Una bimba di 8 mesi muore meno di 24 ore dopo le dimissioni dall’ospedale Santobono di Napoli. L’autopsia rivela un’infezione polmonare. Aperta inchiesta per omicidio colposo.

Una bimba di 8 mesi muore meno di 24 ore dopo le dimissioni dall’ospedale Santobono di Napoli. Aperta inchiesta per omicidio colposo.

16 febbraio 2015 – L’esame autoptico sulla bambina di otto mesi morta venerdì a Napoli, poco dopo essere stata dimessa dall’ospedale Santobono, si è concluso questa sera. Secondo leprime indiscrezioni l’autopsia ha svelato che la piccola sarebbe deceduta per un’infezione al polmone destro. Nel capoluogo campano era stata avviata un’indagine, è condotta dal procuratore aggiunto Luigi Frunzio e avrà il compito di accertare eventuali responsabilità. Per il momento soltanto una persona è stato iscritta nel registro di degli indagati, un medico della struttura ospedaliera. Gli inquirenti hanno spiegato che si tratta di un atto dovuto, l’ipotesi di reato è quella di omicidio colposo.

Napoli: bimba muore poco dopo le dimissioni dall’ospedale

Solo 24 ore prima era stata dimessa dall’ospedale, l’Istituto Santobono di Napoli; una volta a casa, la bimba di otto mesi – Rosa Buonomo – si è aggravata ed è morta. I genitori hanno tentato di riportarla al presidio sanitario, ma lì la figlioletta è morta poco dopo il secondo ricovero. Dopo il decesso, i familiari hanno presentato un esposto alla polizia. Il procuratore aggiunto Luigi Frunzio ha aperto un’inchiesta.

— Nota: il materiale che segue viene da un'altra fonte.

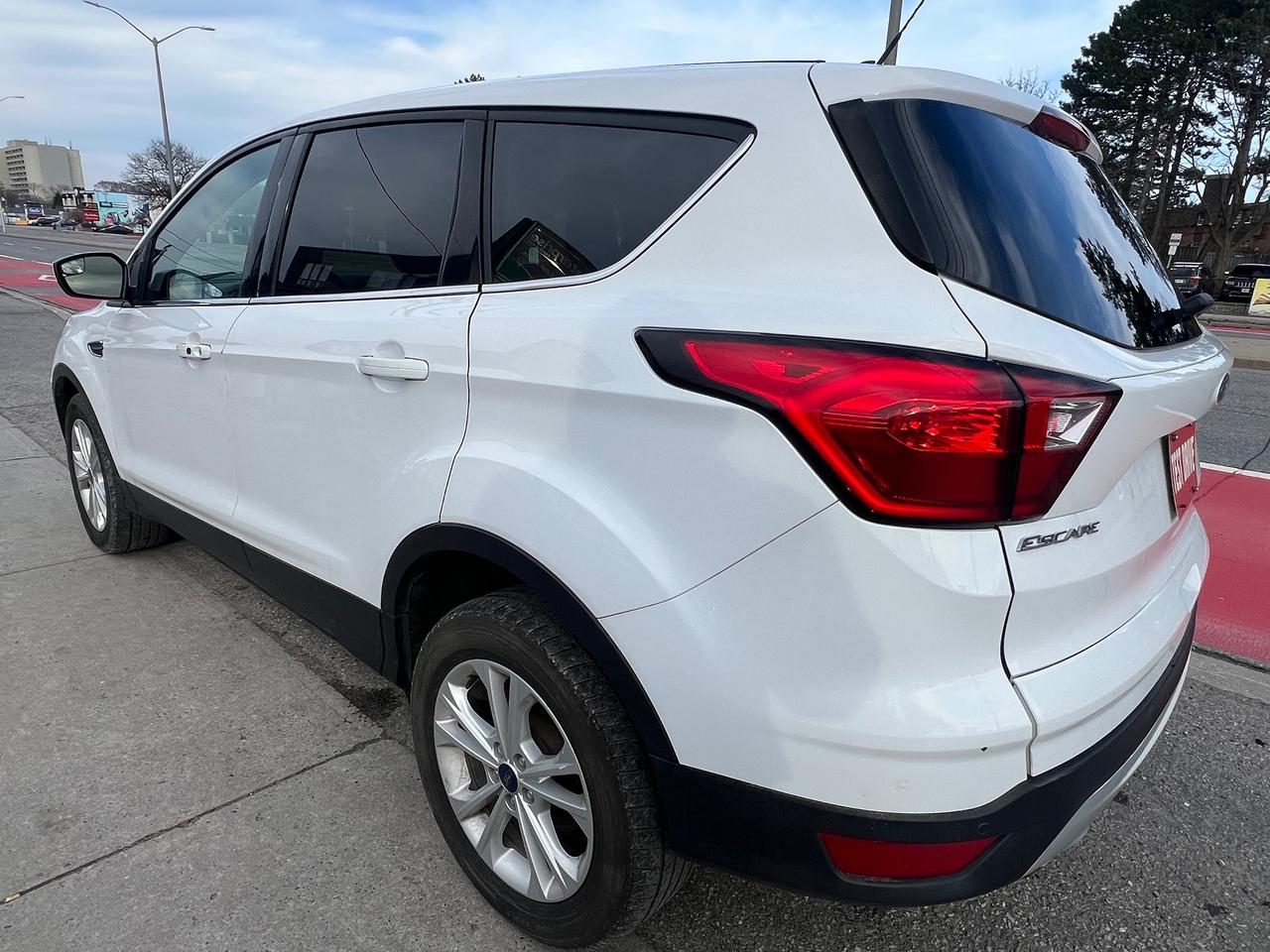 2019 Ford Escape NAV-BACK CAM-BLUETOOTH-HEATED SEATS Photo4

Raccontando in breve l’episodio nei dettagli: l’8 febbraio la piccola viene ricoverata per problemi respiratori (una bronchiolite). L’ospedale la cura, poi dimette la bambina. Ora la Procura vuole vederci chiaro: le dimissioni sono state affrettate? E’ stato disposto il sequestro della documentazione sanitaria dell’ospedale; eventualmente, si procederà anche all’acquisizione della documentazione relativa alle cure ricevute in precedenza a casa.

Gli investigatori hanno già raccolto la testimonianza del pediatra della bambina di otto mesi. Sono stati ascoltati anche i genitori, che abitano al quartiere di Ponticelli, alla periferia orientale della città. Il corpo intanto rimane a disposizione dell’autorità giudiziaria per l’autopsia. Il pm ha ipotizzato il reato di omicidio colposo. I parenti hanno raccontato che alla bambina, dopo il primo ricovero, era stato somministrato ossigeno artificiale.

I medici del Santobono scrivono: “La piccola viene dimessa con criteri clinici e laboratoristici idonei alla sua dimissibilità. Al momento della dimissione, la bambina aveva un livello di saturazione di ossigeno ottimale, pari al 98 per cento”. Pare che al momento delle prime dimissioni, la mamma della bambina si fosse opposta perché le condizioni di salute della figlia non le sembravano migliorate. L’ospedale ribatte: “Ribadiamo lo stato di abnegazione con cui hanno lavorato i dipendenti del nosocomio”.

I parenti non ci stanno e chiedono giustizia: “Giovedì mattina, la mamma aveva chiarito che non vedeva in buone condizioni la figlia, che non se la sentiva di tornare a casa”. Lei spiega: “Non volevo lasciare l’ospedale, sono stata convinta a farlo solo perché mi avevano assicurato che la situazione era migliorata”. Cinque giorni è durato il primo ricovero: la bambina ha ricevuto cure a base di aerosol e continui prelievi di sangue.